2. If [itex] h(x)=af(x)+b[/itex], show that [itex]M_h = M_f[/itex].
Homework Equations
As above, [itex]M_f=g(\frac{1}{n}\sum_{i=1} ^{n} f(a_i))[/itex]
The Attempt at a Solution
Solution 1.
Since [itex]f[/itex] is a strictly monotonic function, we must have have either
[tex]f(a_1) \lt f(a_2) \lt ... \lt f(a_n) \text{ or,}[/tex][tex]f(a_1) \gt f(a_2) \gt ... \gt f(a_n)[/tex]
It follows that [tex] nf(a_1) \lt \sum_{i=1}^{n} f(a_i) \lt nf(a_n) \text{ or,}[/tex][tex]nf(a_1) \gt \sum_{i=1}^{n} f(a_i) \gt nf(a_n)[/tex] for each set of inequalities, respectively. Further, these inequalities imply [tex] f(a_1) \lt \frac{1}{n} \sum_{i=1}^{n} f(a_i) \lt f(a_n) \text{ or,}[/tex][tex]f(a_1) \gt \frac{1}{n}\sum_{i=1}^{n} f(a_i) \gt f(a_n)[/tex] Now we simply consider each case. First, assume that [itex]f[/itex] strictly increases. Then [itex]g[/itex] also strictly increases, and we may apply [itex]g[/itex] to the first set of inequalities above to derive: [tex]a_1 \lt M_f \lt a_n[/tex]
Now assume [itex]f[/itex] strictly decreases. Then [itex]g[/itex] strictly decreases as well. If we apply [itex]g[/itex] to the second set of inequalities above, the inequality signs must reverse since the function is decreasing. Therefore, we derive: [tex]g[f(a_1)] \lt g[\frac{1}{n}\sum_{i=1}^{n} f(a_i)] \lt g[f(a_n)][/tex][tex]a_1 \lt M_f \lt a_n[/tex]
This completes the proof of problem 1.
Solution 2.
If [itex] h(x) = af(x) + b[/itex], then [itex] f(x) = \frac{h(x) - b}{a}[/itex]. We may apply [itex]g[/itex] to both sides to get [tex] x = g(\frac{h(x)-b}{a})[/tex] Let [itex]s(y)=x[/itex] be the inverse function of [itex]h(x)[/itex], such that [itex] y = h(x) [/itex]. Through this we attain: [tex] s(y) = g(\frac{y - b}{a})[/tex] Now we may consider [itex]M_h[/itex]. [tex] M_h = s(\frac{1}{n}\sum_{i=1}^{n} h(a_i))[/tex][tex]M_h = g(\frac{\frac{1}{n}\sum_{i=1}^{n} h(a_i) - b}{a})[/tex] We may write [itex] b = \frac{1}{n}\sum_{i=1}^{n}b [/itex], which allows us to work with both terms together in the numerator.

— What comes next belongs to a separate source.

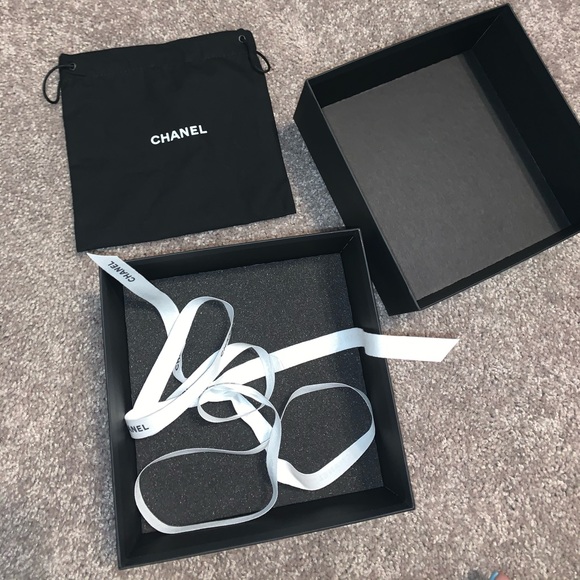 Chanel Box - Picture 2 of 3
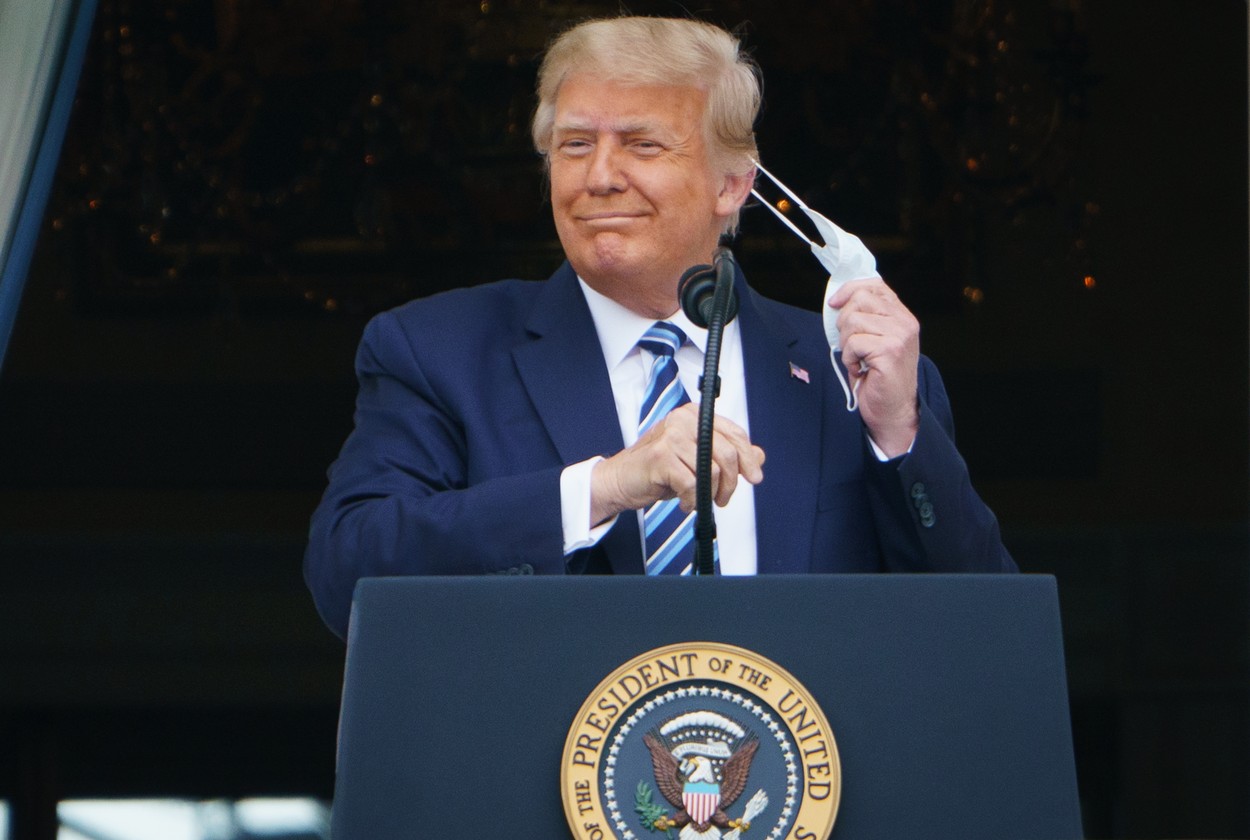 Starea lui Trump a fost mai gravă decât se știa, atunci când a avut COVID. Sursă CNN: S-a pus problema punerii lui pe ventilator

Combine the denominator into the sum to make the proof clearer. Through this, we may derive: [tex] M_h = g(\frac{1}{n}[\sum_{i=1}^{n}\frac{ h(a_i) - b}{a}]) [/tex] Since [itex] f(x) = \frac{h(x) - b}{a}[/itex] for each [itex] x = a_1, x = a_2, ..., x=a_n[/itex], the sum reduces to [tex] M_h = g(\frac{1}{n}\sum_{i=1}^{n} f(a_i) = M_f[/tex] This is true by definition, and thus completes the proof.